Axelson M, Larsson O
Department of Clinical Chemistry, Karolinska Hospital, Stockholm, Sweden.
J Biol Chem. 1995 Jun 23;270(25):15102-10. doi: 10.1074/jbc.270.25.15102.
The formation of oxysterols in cultured human fibroblasts and their physiological roles as intracellular regulators of cholesterol production have been investigated. In the presence of low density lipoproteins (LDL) normal fibroblasts converted LDL cholesterol to the oxysterol 27-hydroxycholesterol in quantities apparently sufficient to down-regulate 3-hydroxy-3-methylglutaryl coenzyme A (HMG-CoA) reductase. The production of 27-hydroxycholesterol started 3-8 h after the addition of LDL to the incubation medium, and during this time the activity of HMG-CoA reductase decreased by 73%. Formation of other biologically active oxysterols such as 7 alpha-hydroxycholesterol, 24-hydroxycholesterol, and 25-hydroxycholesterol was not observed. When 27-hydroxylation of LDL cholesterol in mitochondria was selectively prevented by treating normal fibroblasts with cyclosporin A or by using fibroblasts genetically lacking sterol 27-hydroxylase, the suppressive effect of LDL on HMG-CoA reductase was reduced by a factor of about 10. In the absence of LDL or when the fibroblasts lacked LDL-receptors, the cells did not produce detectable amounts of 27-hydroxycholesterol, and HMG-CoA reductase was up-regulated. The results provide strong evidence that 27-hydroxycholesterol is an important intracellular mediator between LDL and the suppression of HMG-CoA reductase in human fibroblasts. The mitochondrial uptake/metabolism of LDL cholesterol seems to be a biologically important extension of the LDL pathway in human cells, since the mitochondrial products of LDL cholesterol may regulate cholesterol homeostasis or be precursors of steroid hormones or bile acids. This pathway, which has now been demonstrated in fibroblasts, may link together the two 22-year-old observations that LDL as well as oxysterols can down-regulate HMG-CoA reductase in cells.

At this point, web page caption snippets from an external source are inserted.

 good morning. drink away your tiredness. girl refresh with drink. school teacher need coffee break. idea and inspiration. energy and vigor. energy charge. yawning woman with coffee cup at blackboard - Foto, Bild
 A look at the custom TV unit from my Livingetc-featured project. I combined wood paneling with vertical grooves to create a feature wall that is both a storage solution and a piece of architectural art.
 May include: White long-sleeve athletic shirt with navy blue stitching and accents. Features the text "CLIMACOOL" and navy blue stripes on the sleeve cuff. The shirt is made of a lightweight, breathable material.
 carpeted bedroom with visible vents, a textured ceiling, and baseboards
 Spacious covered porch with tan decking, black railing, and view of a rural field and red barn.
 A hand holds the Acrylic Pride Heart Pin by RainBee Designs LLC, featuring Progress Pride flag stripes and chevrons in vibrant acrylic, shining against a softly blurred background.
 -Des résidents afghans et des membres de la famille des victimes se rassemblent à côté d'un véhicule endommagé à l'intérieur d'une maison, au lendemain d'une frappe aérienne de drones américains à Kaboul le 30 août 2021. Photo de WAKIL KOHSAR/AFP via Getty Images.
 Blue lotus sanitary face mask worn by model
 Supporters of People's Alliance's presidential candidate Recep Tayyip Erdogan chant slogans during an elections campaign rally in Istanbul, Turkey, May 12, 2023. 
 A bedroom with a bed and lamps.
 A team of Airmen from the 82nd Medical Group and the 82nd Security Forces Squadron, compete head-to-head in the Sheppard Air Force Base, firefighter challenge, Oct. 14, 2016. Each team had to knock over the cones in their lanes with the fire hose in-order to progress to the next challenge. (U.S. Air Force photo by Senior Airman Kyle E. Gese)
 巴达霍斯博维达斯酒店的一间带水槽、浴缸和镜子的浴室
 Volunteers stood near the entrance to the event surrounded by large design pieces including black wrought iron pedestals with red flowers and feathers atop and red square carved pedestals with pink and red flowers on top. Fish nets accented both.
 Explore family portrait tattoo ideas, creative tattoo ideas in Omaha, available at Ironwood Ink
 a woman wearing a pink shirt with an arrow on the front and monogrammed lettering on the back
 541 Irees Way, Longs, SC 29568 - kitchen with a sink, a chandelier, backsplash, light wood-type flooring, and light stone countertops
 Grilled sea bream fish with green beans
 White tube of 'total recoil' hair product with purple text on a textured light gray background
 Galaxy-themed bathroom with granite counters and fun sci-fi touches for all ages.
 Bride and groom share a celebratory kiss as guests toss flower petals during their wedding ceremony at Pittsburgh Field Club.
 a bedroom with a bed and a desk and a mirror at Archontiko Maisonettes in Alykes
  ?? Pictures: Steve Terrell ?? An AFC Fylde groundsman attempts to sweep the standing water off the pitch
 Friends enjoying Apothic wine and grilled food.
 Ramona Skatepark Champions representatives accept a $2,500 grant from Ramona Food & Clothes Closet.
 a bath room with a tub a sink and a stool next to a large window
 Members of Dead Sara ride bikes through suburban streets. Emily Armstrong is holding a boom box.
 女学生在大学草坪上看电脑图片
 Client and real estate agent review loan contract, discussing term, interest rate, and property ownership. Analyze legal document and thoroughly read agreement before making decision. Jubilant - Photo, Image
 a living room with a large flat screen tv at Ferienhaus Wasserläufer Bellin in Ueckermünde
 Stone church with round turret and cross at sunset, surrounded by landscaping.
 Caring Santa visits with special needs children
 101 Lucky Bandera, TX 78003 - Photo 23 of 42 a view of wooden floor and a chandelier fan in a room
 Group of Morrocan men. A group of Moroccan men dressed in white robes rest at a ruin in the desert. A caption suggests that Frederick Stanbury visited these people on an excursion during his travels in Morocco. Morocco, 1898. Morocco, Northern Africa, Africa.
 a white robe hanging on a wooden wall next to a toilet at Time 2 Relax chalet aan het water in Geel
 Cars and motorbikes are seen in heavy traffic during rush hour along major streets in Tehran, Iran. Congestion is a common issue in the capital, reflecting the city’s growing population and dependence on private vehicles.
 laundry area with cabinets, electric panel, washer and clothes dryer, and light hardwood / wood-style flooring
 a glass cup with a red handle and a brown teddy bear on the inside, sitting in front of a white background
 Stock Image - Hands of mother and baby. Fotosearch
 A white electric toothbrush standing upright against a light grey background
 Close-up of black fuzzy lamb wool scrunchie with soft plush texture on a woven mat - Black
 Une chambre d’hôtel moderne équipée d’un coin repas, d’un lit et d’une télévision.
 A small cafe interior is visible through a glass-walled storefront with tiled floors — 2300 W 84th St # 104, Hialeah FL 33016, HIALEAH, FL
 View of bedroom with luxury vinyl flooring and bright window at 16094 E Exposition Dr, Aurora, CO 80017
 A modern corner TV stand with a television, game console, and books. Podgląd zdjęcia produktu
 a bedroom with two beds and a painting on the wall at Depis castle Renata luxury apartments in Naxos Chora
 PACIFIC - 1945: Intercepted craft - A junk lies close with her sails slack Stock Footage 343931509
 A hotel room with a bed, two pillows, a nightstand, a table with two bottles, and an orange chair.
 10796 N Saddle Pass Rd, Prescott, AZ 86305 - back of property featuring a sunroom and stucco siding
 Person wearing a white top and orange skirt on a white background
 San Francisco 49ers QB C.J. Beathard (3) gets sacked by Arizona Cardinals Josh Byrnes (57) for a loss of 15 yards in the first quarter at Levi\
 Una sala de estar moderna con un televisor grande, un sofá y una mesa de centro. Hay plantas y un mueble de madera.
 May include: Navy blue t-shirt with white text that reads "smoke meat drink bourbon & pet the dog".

已对培养的人成纤维细胞中氧化甾醇的形成及其作为胆固醇生成细胞内调节剂的生理作用进行了研究。在低密度脂蛋白(LDL)存在的情况下,正常成纤维细胞将LDL胆固醇转化为氧化甾醇27-羟基胆固醇,其数量显然足以下调3-羟基-3-甲基戊二酰辅酶A(HMG-CoA)还原酶。在向孵育培养基中添加LDL后3-8小时开始产生27-羟基胆固醇,在此期间HMG-CoA还原酶的活性下降了73%。未观察到其他生物活性氧化甾醇如7α-羟基胆固醇、24-羟基胆固醇和25-羟基胆固醇的形成。当用环孢素A处理正常成纤维细胞或使用遗传上缺乏甾醇27-羟化酶的成纤维细胞选择性地阻止线粒体中LDL胆固醇的27-羟化时,LDL对HMG-CoA还原酶的抑制作用降低了约10倍。在没有LDL的情况下或当成纤维细胞缺乏LDL受体时,细胞不会产生可检测量的27-羟基胆固醇,并且HMG-CoA还原酶会上调。结果提供了强有力的证据,表明27-羟基胆固醇是LDL与人类成纤维细胞中HMG-CoA还原酶抑制之间的重要细胞内介质。LDL胆固醇的线粒体摄取/代谢似乎是人类细胞中LDL途径在生物学上的重要延伸,因为LDL胆固醇的线粒体产物可能调节胆固醇稳态或作为类固醇激素或胆汁酸的前体。现在已在成纤维细胞中证明的这条途径,可能将两项已有22年历史的观察结果联系在一起,即LDL以及氧化甾醇均可下调细胞中的HMG-CoA还原酶。